PROBLEM STATEMENT
Copy each record below faithfully, leaving out images.

========================================

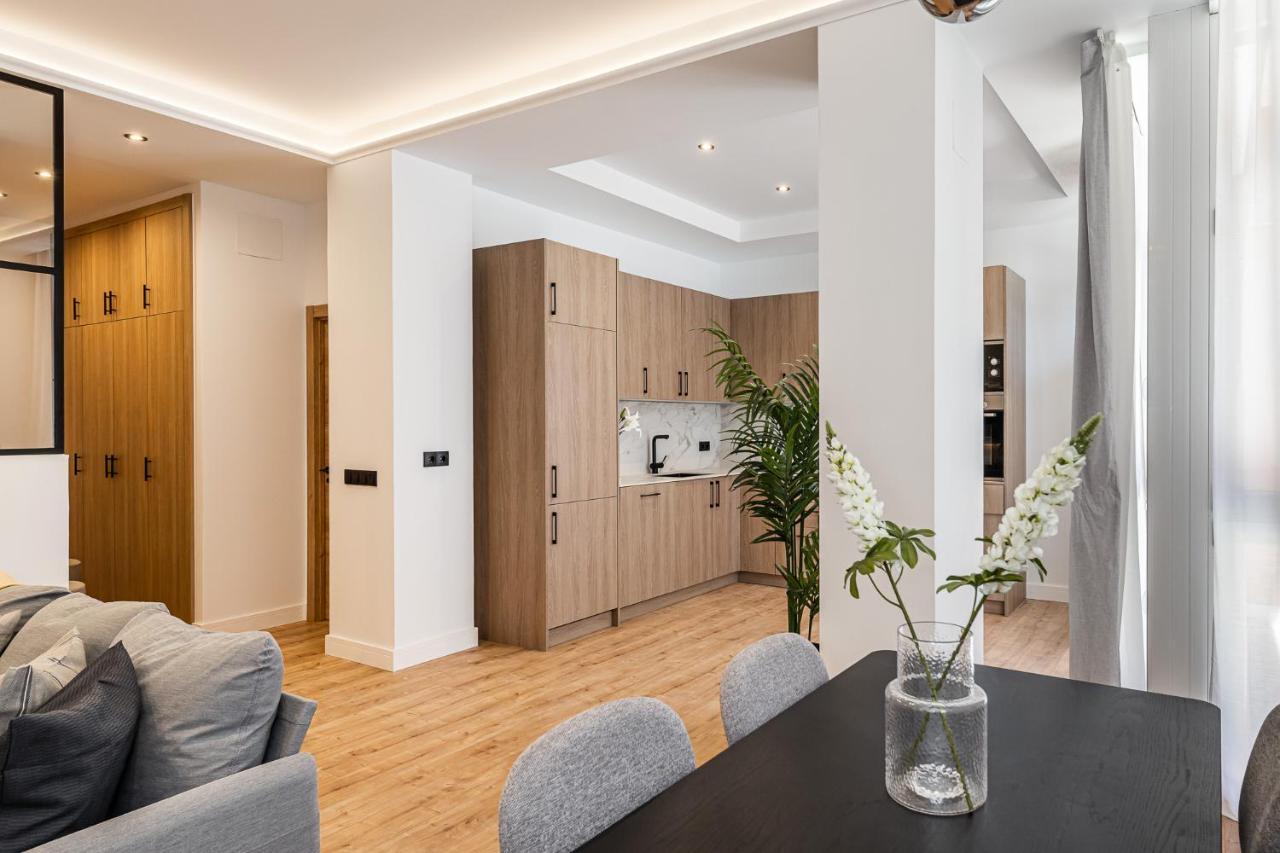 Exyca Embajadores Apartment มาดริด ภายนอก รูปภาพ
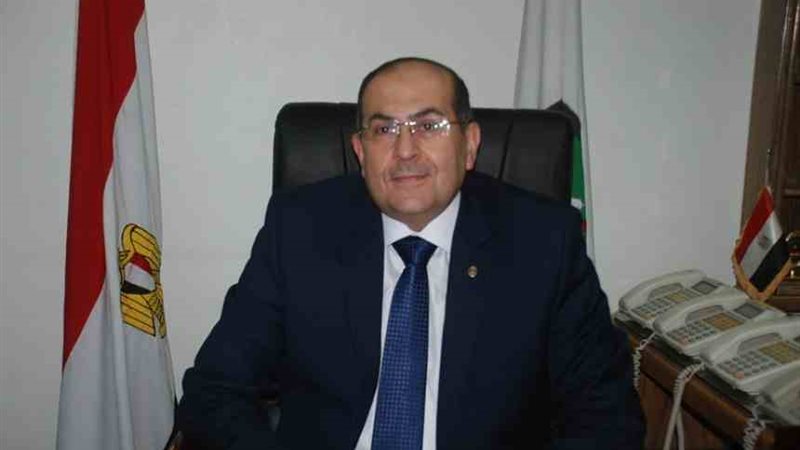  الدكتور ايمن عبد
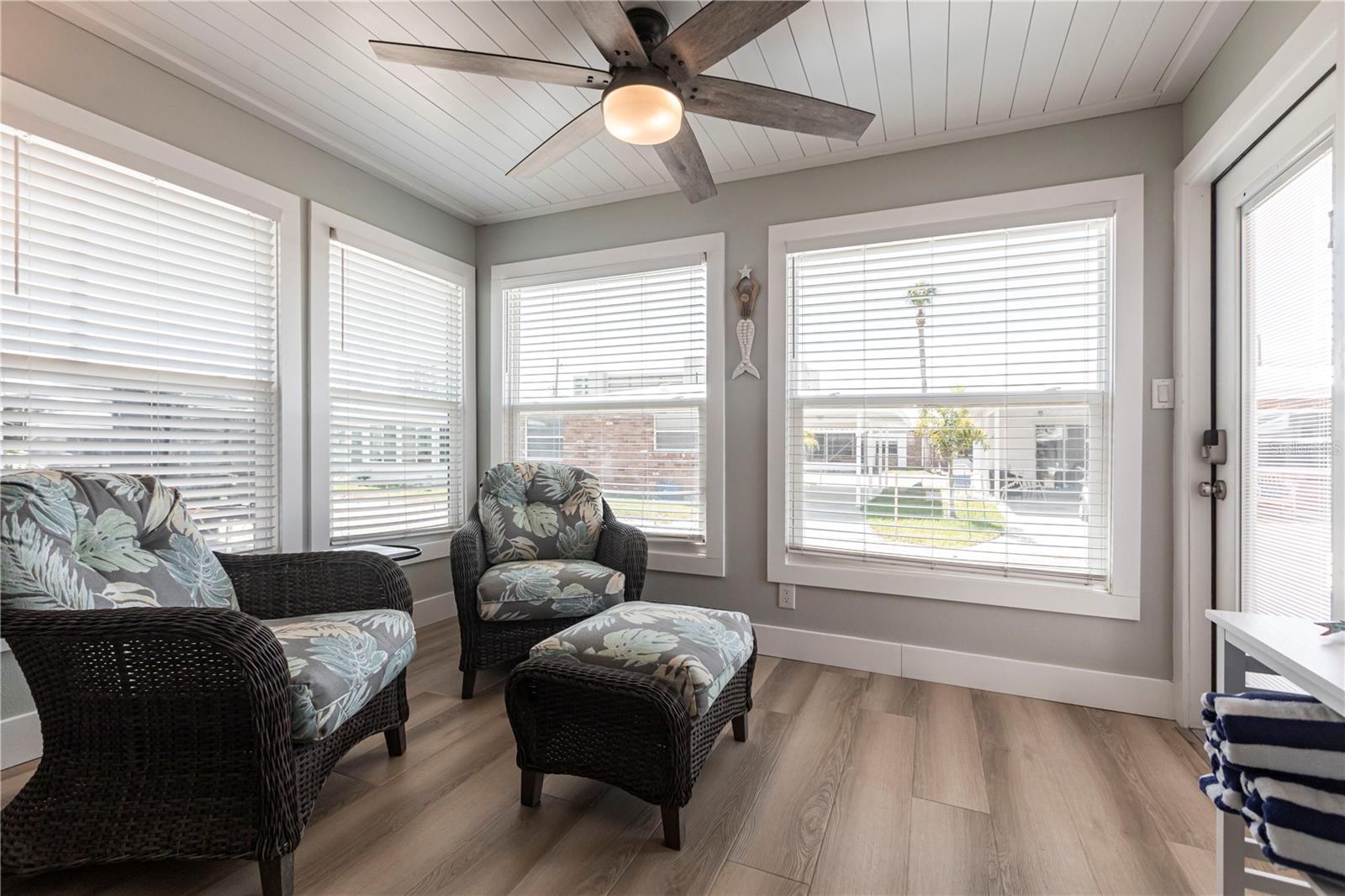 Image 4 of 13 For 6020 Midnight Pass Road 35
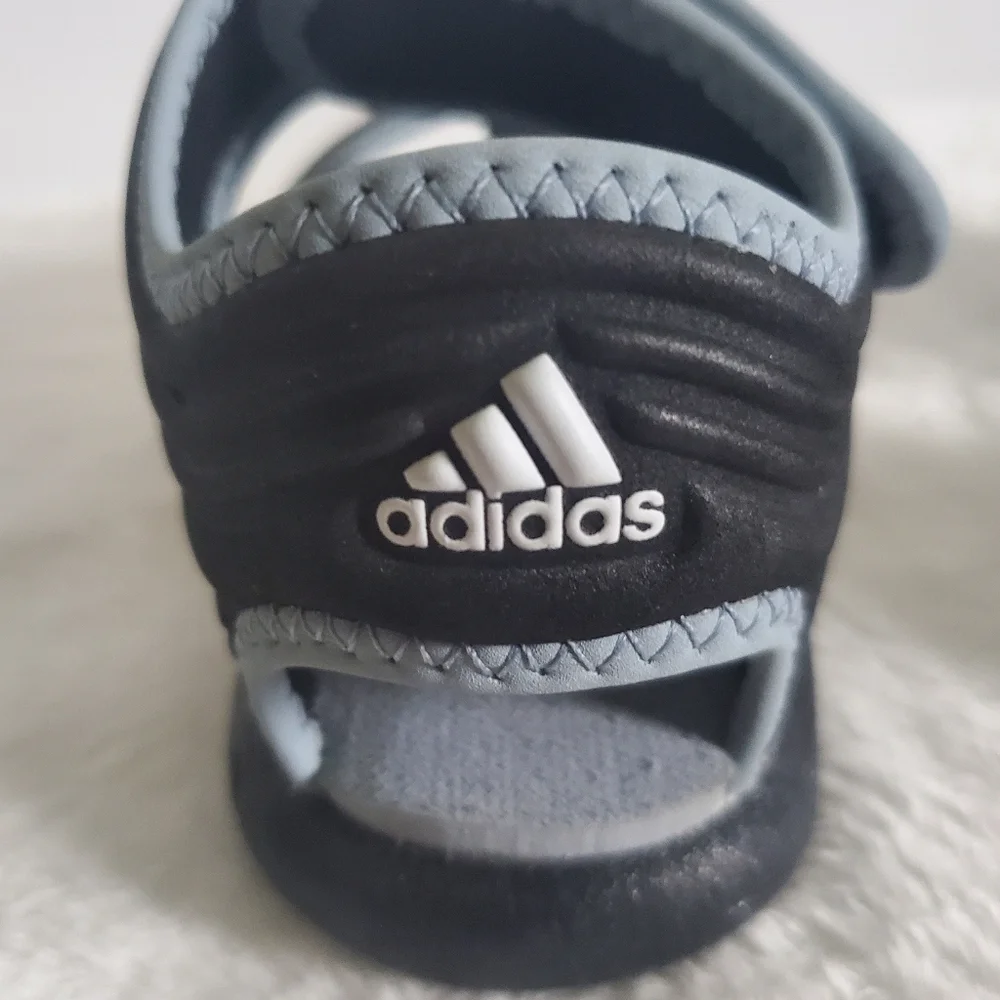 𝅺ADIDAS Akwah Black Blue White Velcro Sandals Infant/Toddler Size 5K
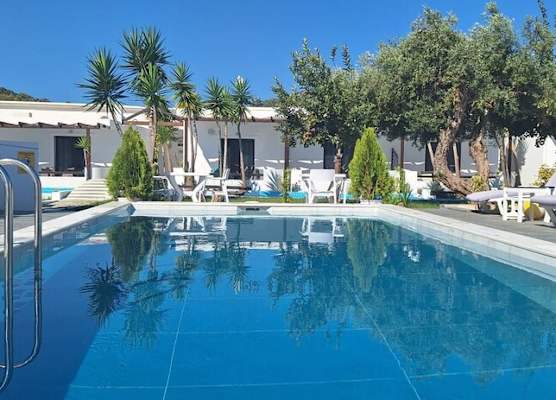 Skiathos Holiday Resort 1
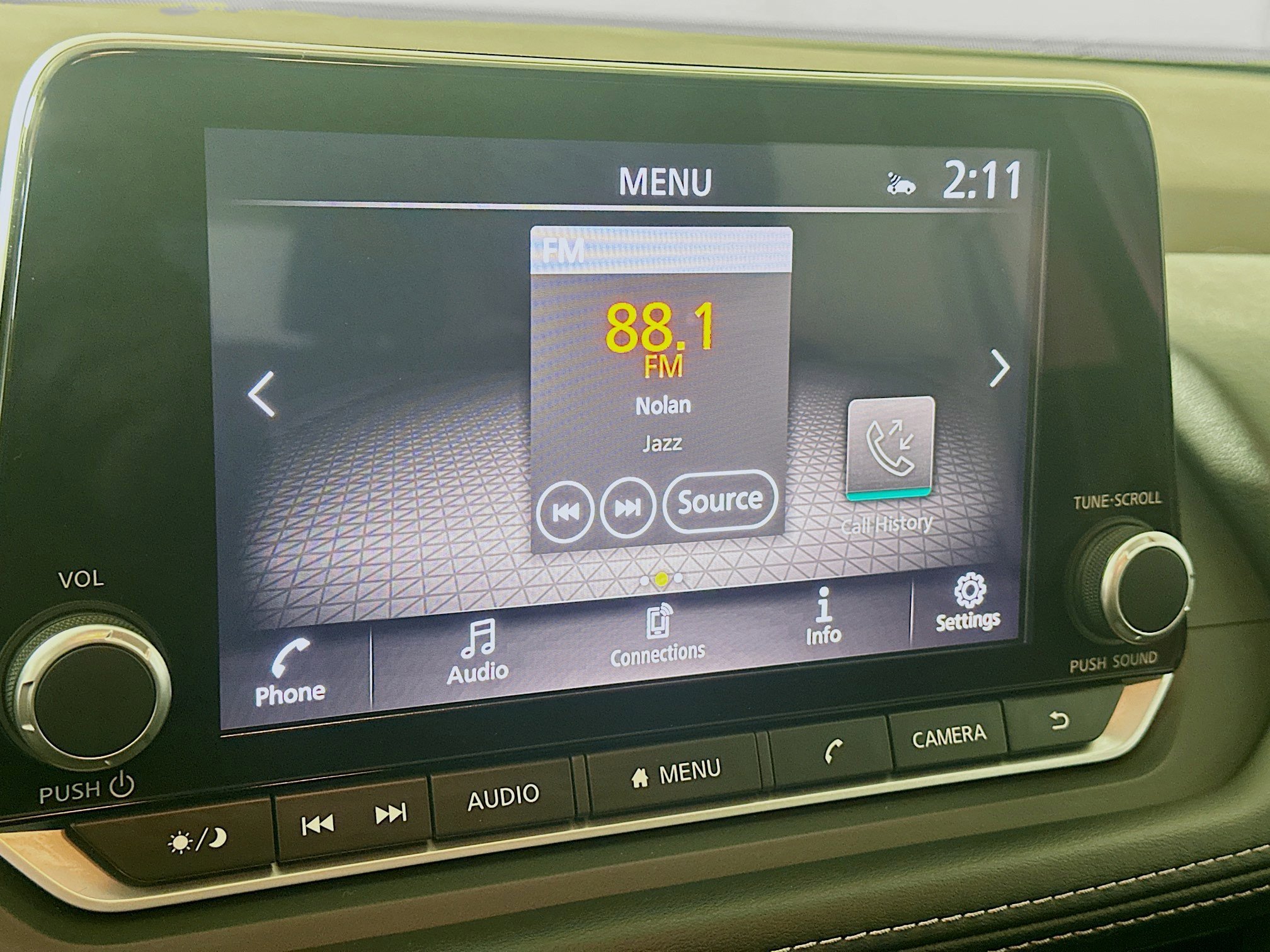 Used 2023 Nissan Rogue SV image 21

========================================

TASK ANSWER
 Exyca Embajadores Apartment มาดริด ภายนอก รูปภาพ
  الدكتور ايمن عبد
 Image 4 of 13 For 6020 Midnight Pass Road 35
 𝅺ADIDAS Akwah Black Blue White Velcro Sandals Infant/Toddler Size 5K
 Skiathos Holiday Resort 1
 Used 2023 Nissan Rogue SV image 21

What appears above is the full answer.